Beginning at the line that contains "bathroom featuring vanity, toilet, wood-type", reproduce the entries below exactly, ending with the line that contains "50 Foot Expandable". Omit each picture.

[Dataset content]
++++++++++

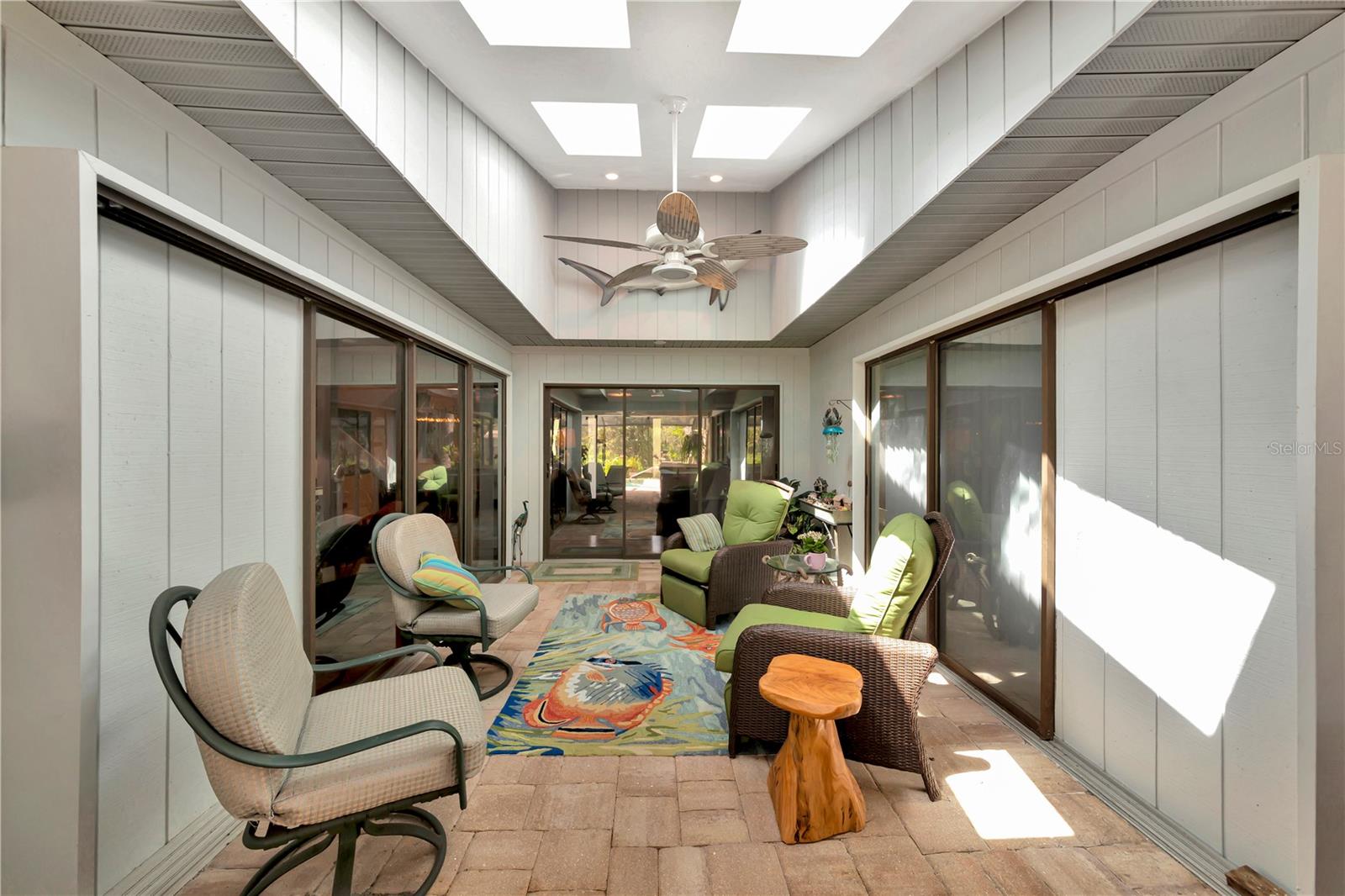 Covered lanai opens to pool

++++++++++

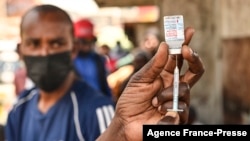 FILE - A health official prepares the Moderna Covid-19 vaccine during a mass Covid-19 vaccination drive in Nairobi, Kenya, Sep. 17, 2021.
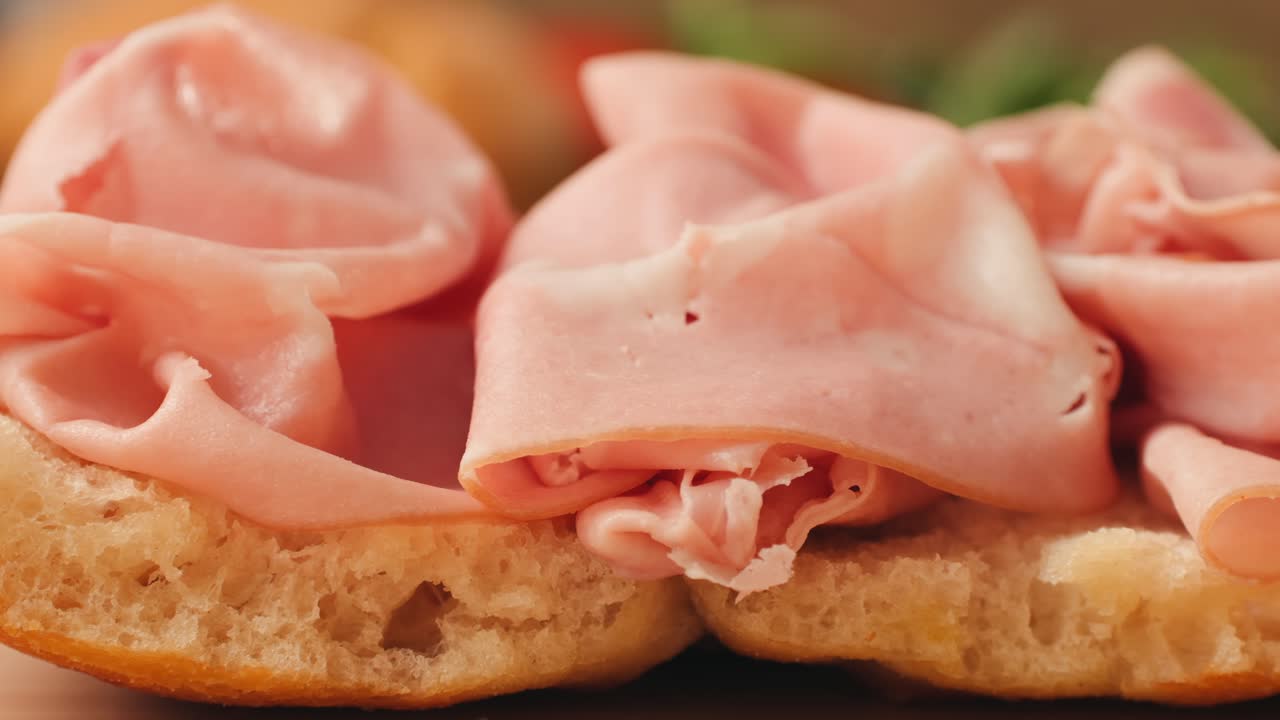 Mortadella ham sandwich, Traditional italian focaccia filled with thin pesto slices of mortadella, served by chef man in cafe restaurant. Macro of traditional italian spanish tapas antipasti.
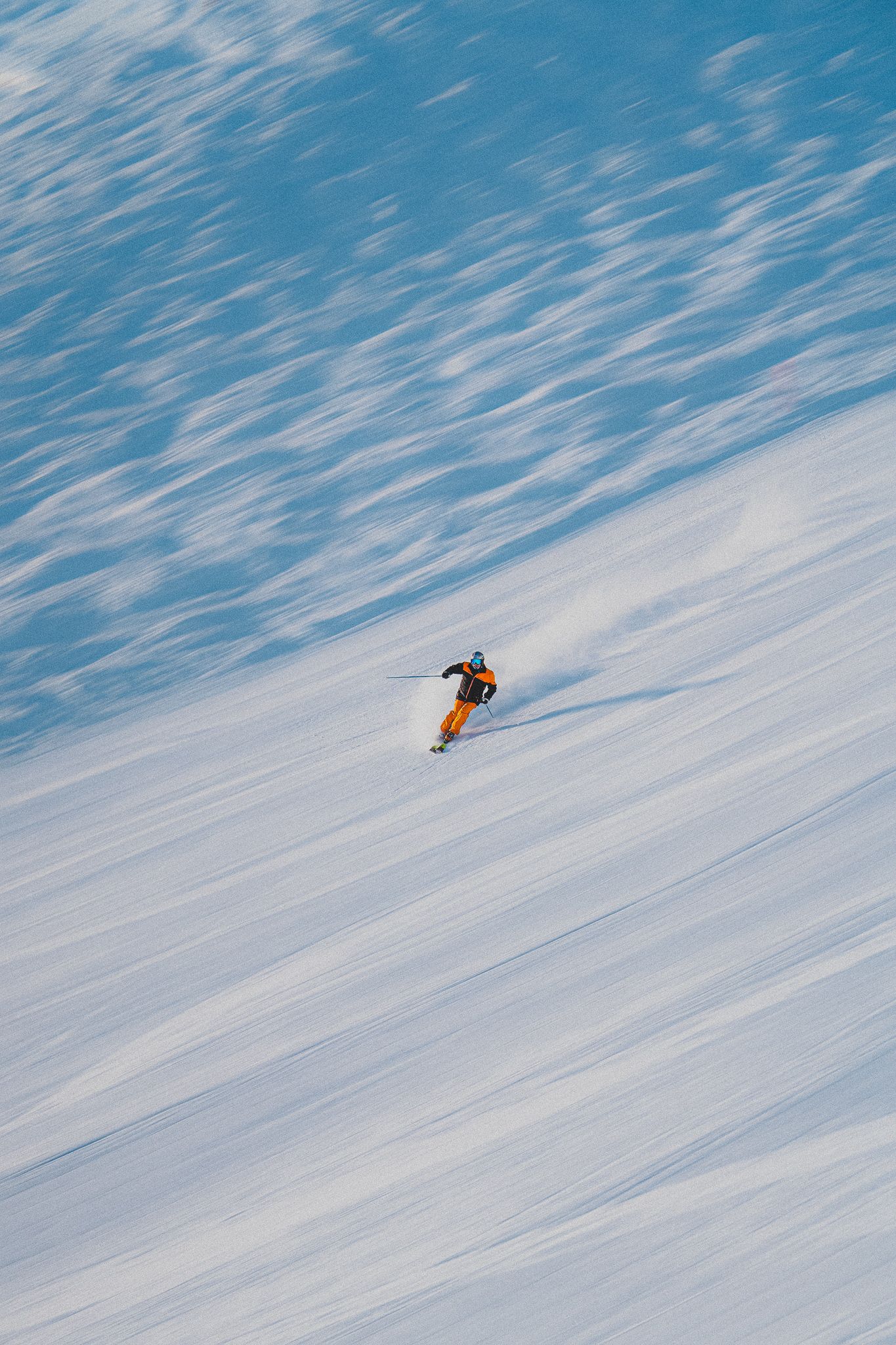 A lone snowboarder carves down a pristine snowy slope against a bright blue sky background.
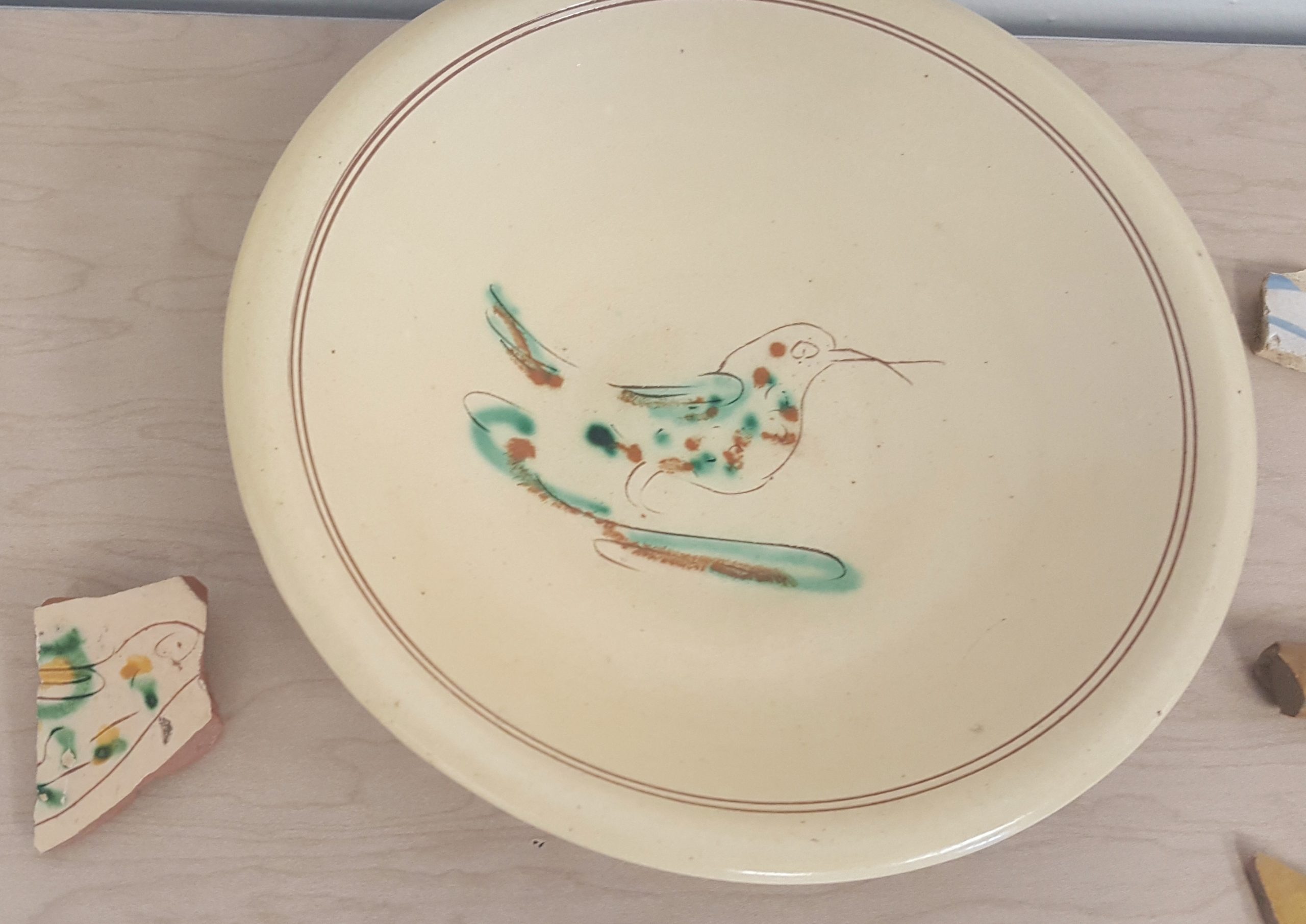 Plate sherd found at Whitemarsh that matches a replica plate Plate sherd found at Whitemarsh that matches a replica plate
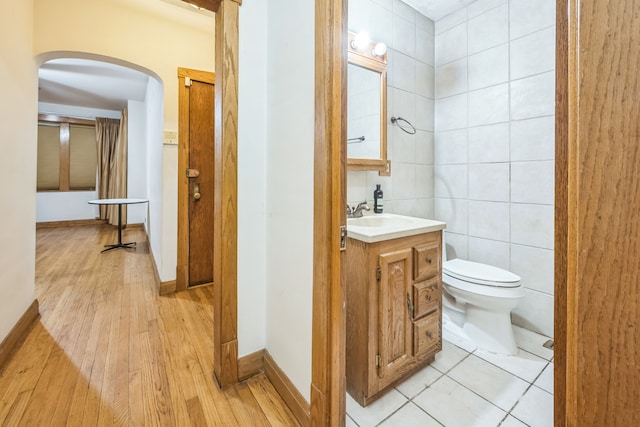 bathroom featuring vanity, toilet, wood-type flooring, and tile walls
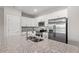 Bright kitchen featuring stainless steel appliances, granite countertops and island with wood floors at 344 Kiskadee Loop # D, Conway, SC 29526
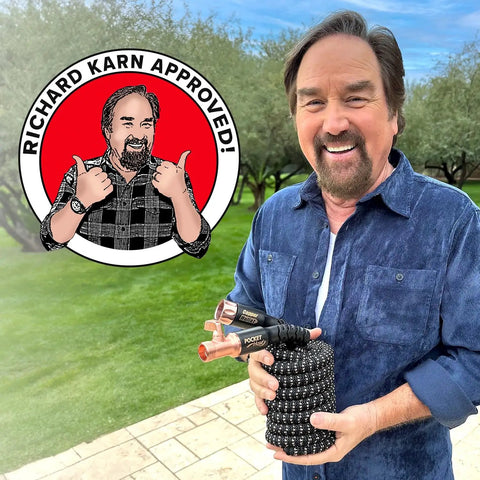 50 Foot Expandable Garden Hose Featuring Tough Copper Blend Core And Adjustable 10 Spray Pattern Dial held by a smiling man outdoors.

++++++++++

[Response area]
 bathroom featuring vanity, toilet, wood-type flooring, and tile walls
 Bright kitchen featuring stainless steel appliances, granite countertops and island with wood floors at 344 Kiskadee Loop # D, Conway, SC 29526
 50 Foot Expandable Garden Hose Featuring Tough Copper Blend Core And Adjustable 10 Spray Pattern Dial held by a smiling man outdoors.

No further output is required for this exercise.